Too bad it's all Bovine Scatology.

His story, with times of reaction, distances that would have been covered, the fact his dogs did not smell the Bear, he could not hear a 1000 pound bear running on a gravel road at over 30 mph, his getting off 2 or 3 shots from a recoil cannon, etc   ........just not possible, in the real world.

A Tall Tale, that likely helped out his "Guide" business, though.


----------



## dawg2 (May 21, 2010)

I have a Ruger Super Redhawk Alaskan and it throws some lead.


----------



## siberian1 (May 22, 2010)

Kahrshooter said:


> Too bad it's all Bovine Scatology.
> 
> His story, with times of reaction, distances that would have been covered, the fact his dogs did not smell the Bear, he could not hear a 1000 pound bear running on a gravel road at over 30 mph, his getting off 2 or 3 shots from a recoil cannon, etc   ........just not possible, in the real world.
> 
> A Tall Tale, that likely helped out his "Guide" business, though.



Interesting observation......


----------



## tony2001577 (May 22, 2010)

Kahrshooter said:


> Too bad it's all Bovine Scatology.
> 
> His story, with times of reaction, distances that would have been covered, the fact his dogs did not smell the Bear, he could not hear a 1000 pound bear running on a gravel road at over 30 mph, his getting off 2 or 3 shots from a recoil cannon, etc   ........just not possible, in the real world.
> 
> A Tall Tale, that likely helped out his "Guide" business, though.

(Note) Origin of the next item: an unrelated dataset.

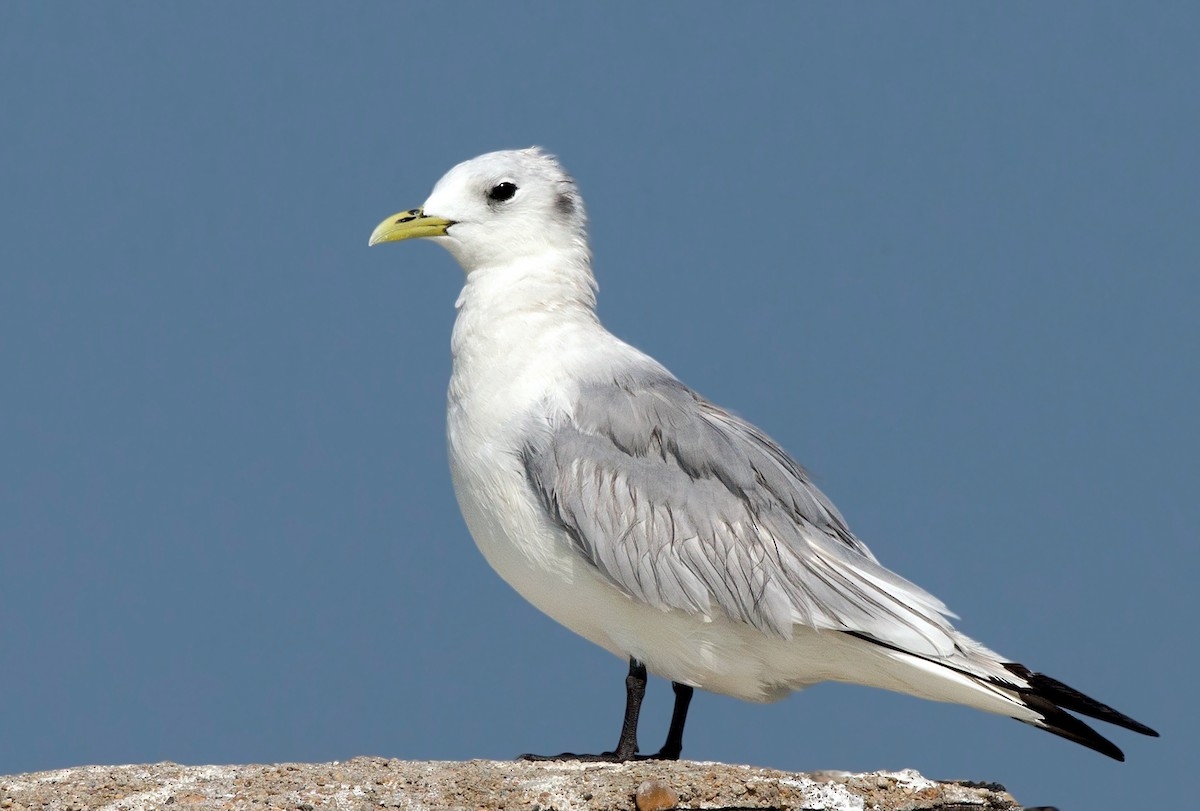 Mouette tridactyle - ML304319831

http://www.fieldandstream.com/photos/gallery/survival/animal-attacks/2009/08/charging-grizzly-killed-alaska?photo=2


Read the story on field and stream ....

" The bear was moaning, his huge head still moving, as Brush aimed the Ruger to fire a finishing shot. “By then my gun had jammed,” Greg says. “I frantically called my wife on my cell phone and told her to bring a rifle. When she arrived I finished the bear.”


A ruger 454 jammed???


----------



## HandgunHTR (May 22, 2010)

tony2001577 said:


> http://www.fieldandstream.com/photos/gallery/survival/animal-attacks/2009/08/charging-grizzly-killed-alaska?photo=2
> 
> 
> Read the story on field and stream ....
> ...



Yes it did.  The recoil in that light little revolver is pretty sharp.  Sharp enough to the point where the bullet in the last round had moved out enough to bind up the cylinder.  It happens quite often on lightweight revolvers shooting stout loads.

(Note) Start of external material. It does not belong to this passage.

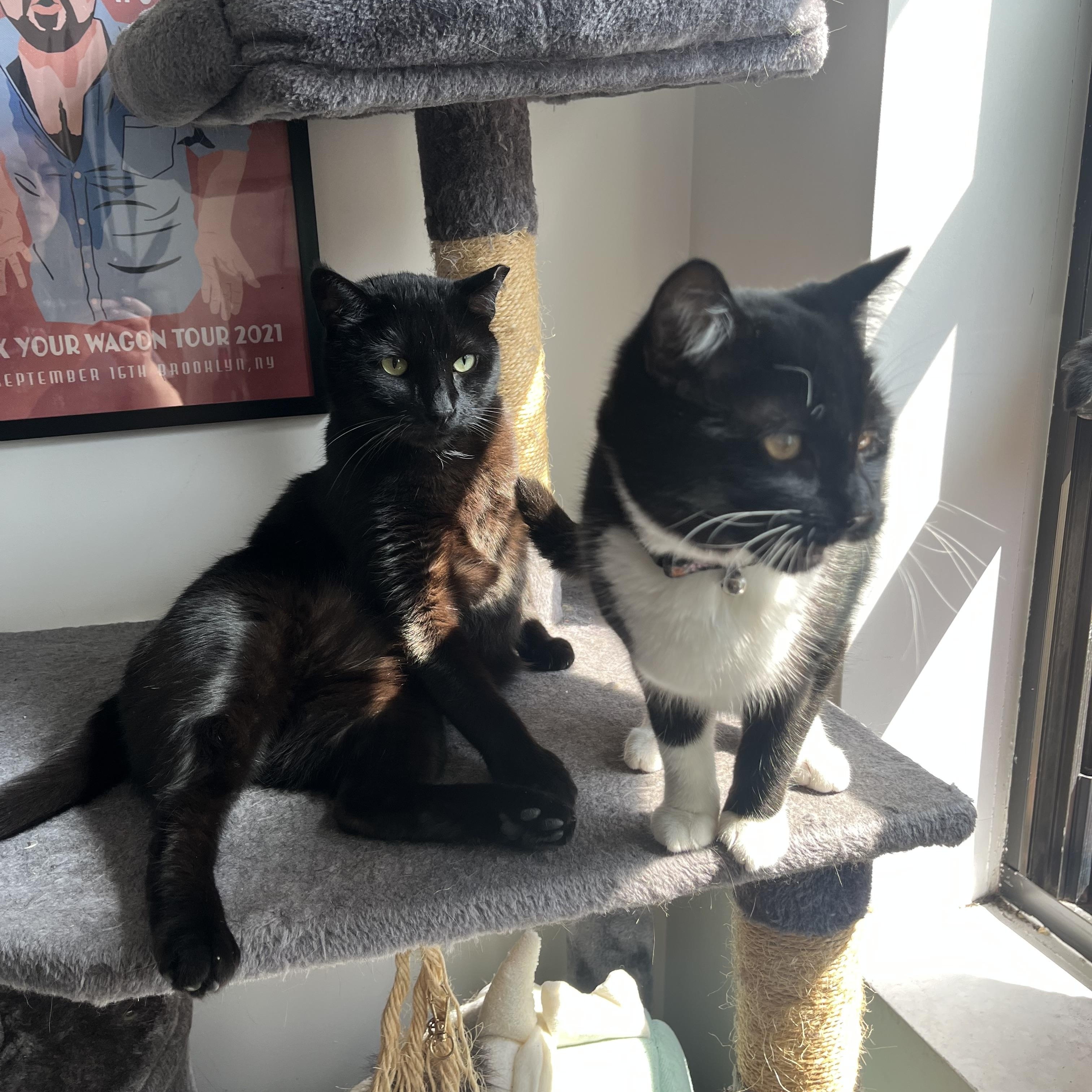 Elsie, a ADOPTABLE Domestic Short Hair in Ridgewood, NY image 4/4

As for it being untrue, I doubt it.  

Kahrshooter, I take it you have never been to Alaska and watched/listened to/observed these bears.


----------



## tony2001577 (May 22, 2010)

HandgunHTR said:


> Yes it did.  The recoil in that light little revolver is pretty sharp.  Sharp enough to the point where the bullet in the last round had moved out enough to bind up the cylinder.  It happens quite often on lightweight revolvers shooting stout loads.




learn something new everyday ..........


----------



## JustUs4All (May 22, 2010)

*Default  Man kills charging bear.......*

MC or Visa?


----------



## Kahrshooter (May 24, 2010)

Everytime the guy tells the story, or it gets retold,  there is something new added.

In the first telling, there was no rifle shot as a finishing round, no call to his wife, no moaning bear.

It was just dead, from his unbelievable (to say the least) pistol shots.

http://www.mcclatchydc.com/2009/08/14/73749/charging-bear-just-the-first-hassle.html

Heard  "a twig snap"  (how "Daniel Boonish" of him LOL) but not a bear at full charge, less than 20 yards away, "motorin full speed" ?

And was able to react/recognise the danger, wheel, draw, and get off two rounds, in the FAR less than 2 seconds (actually, based on the top speed of a Brownie, 35 MPH, 1.1 seconds) to drop the animal?

HA !

Hers a vid where the guy is a WORLD CLASS PISTOLERO, knows where the tagets are, knows he has to turn and engage, and is shooting a weapon that does not recoil like a Edited to Remove Profanity ----Edited to Remove Profanity ----Edited to Remove Profanity ---- ....and it takes him around 1.5 seconds to turn and execute two shots.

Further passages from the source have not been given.